Exercise directions: Only an exact copy of the records, from the line with "CHANEL, a pair of pumps. Size 40." through the last line, is wanted.

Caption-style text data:
_ _ _ _ _

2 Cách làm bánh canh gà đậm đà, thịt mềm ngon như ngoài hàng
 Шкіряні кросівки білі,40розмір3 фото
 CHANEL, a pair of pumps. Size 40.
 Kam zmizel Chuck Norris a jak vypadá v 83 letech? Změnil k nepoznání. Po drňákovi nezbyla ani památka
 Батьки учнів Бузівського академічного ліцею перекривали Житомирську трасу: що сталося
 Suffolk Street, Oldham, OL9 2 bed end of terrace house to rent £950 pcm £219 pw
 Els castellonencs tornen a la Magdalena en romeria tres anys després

_ _ _ _ _

Written response:
 CHANEL, a pair of pumps. Size 40.
 Kam zmizel Chuck Norris a jak vypadá v 83 letech? Změnil k nepoznání. Po drňákovi nezbyla ani památka
 Батьки учнів Бузівського академічного ліцею перекривали Житомирську трасу: що сталося
 Suffolk Street, Oldham, OL9 2 bed end of terrace house to rent £950 pcm £219 pw
 Els castellonencs tornen a la Magdalena en romeria tres anys després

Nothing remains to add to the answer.